He sits in a difficult position riding the fence between shouting at the people around him who are slow on the uptake in New Media and representing those same people in their defense against boisterous New Media idealism. We need more people like Scott to step up and speak out on the things that matter to them. Otherwise, the blogosphere will just keep barking at the same dogs until everyone gets bored and goes back to watching TV.
That said, I have to challenge a notion that keeps coming up in his viewpoints.
Scott asks in his last post, "as Old Media gatekeepers fade, who will ultimately take there place? Will it be thousands of micro-gatekeepers (oh, my head hurts), or will there emerge a handful of new uber-gatekeepers (like the three TV networks)?"
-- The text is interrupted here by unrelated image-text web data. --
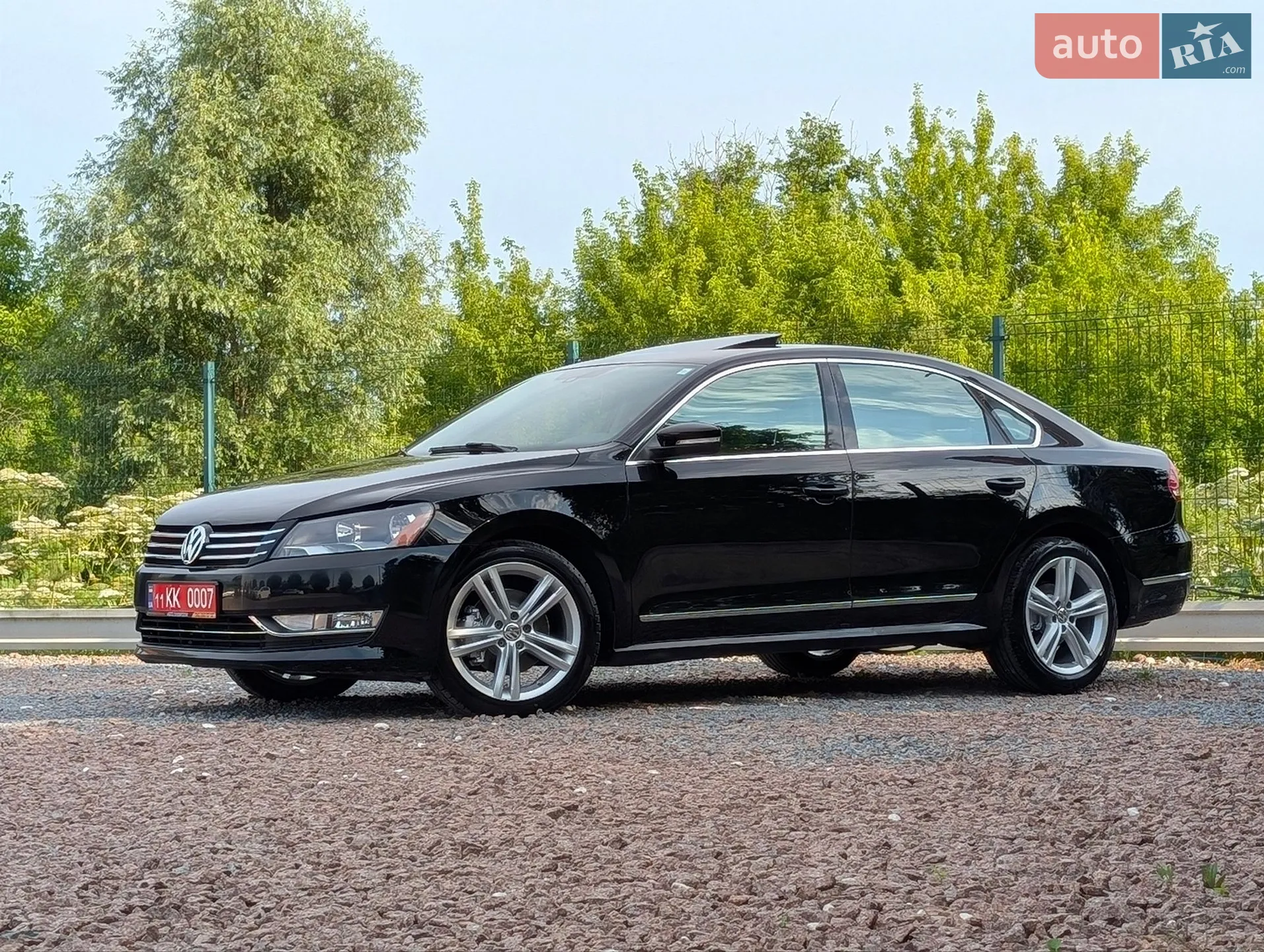 2015 Volkswagen Passat - мініатюра 9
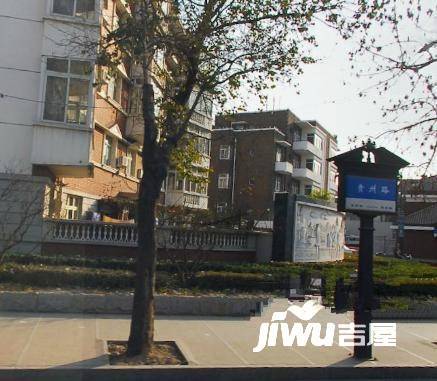 贵州路小区实景图图片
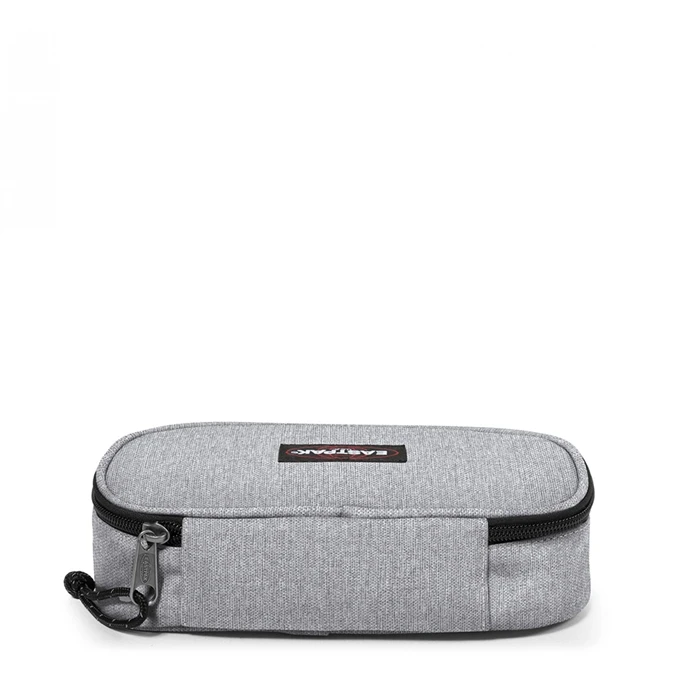 Eastpak Oval XL Etui Sunday Grey 4 Eastpak Oval XL Etui Sunday Grey - Afbeelding 2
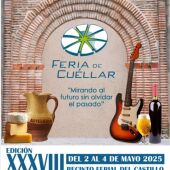 Este fin de semana se celebra una nueva edición de la feria de Cúellar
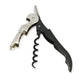 Stainless Steel/Black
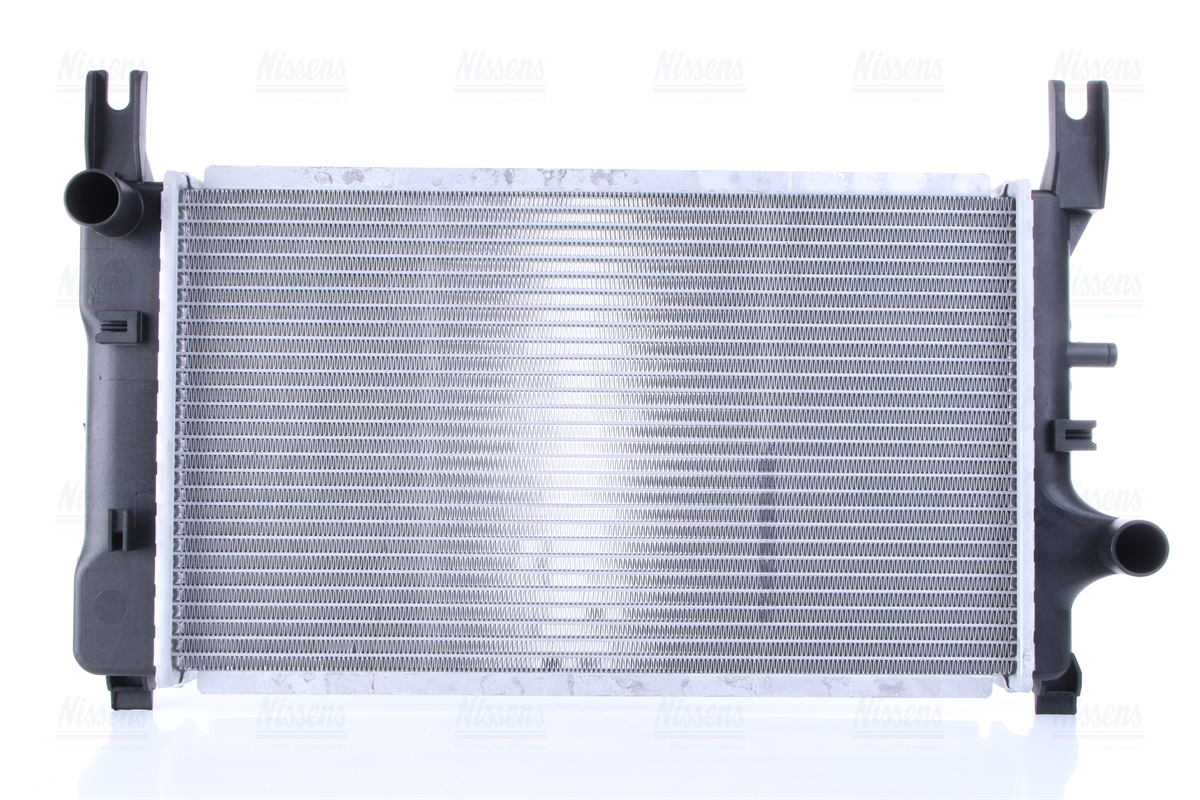 Nissens Engine Coolant Radiator 62117A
Insistence that there's an editorial gatekeeper required in the media model is going to hold Old Media back from embracing New Media at any truly valuable level. The editorial gatekeeper is a role that won't go away, but it's importance is quickly fading.
In Old Media, you have a whole team of people thinking about things like the table of contents all day long. If those same people spent all that time thinking about how to engage with the audience online instead, I'm certain you'd see a more dynamic response to your brand in short order.
The traditional editor isn't a cornerstone in the media model anymore. The traditional editor needs to start writing that damn book he or she has been wanting to write since college or to at least get on the blog train. The voice is now coming from the web site UI, the software engineer and his clever tricks, the community itself and what they contribute, and the product managers who drive the development roadmap.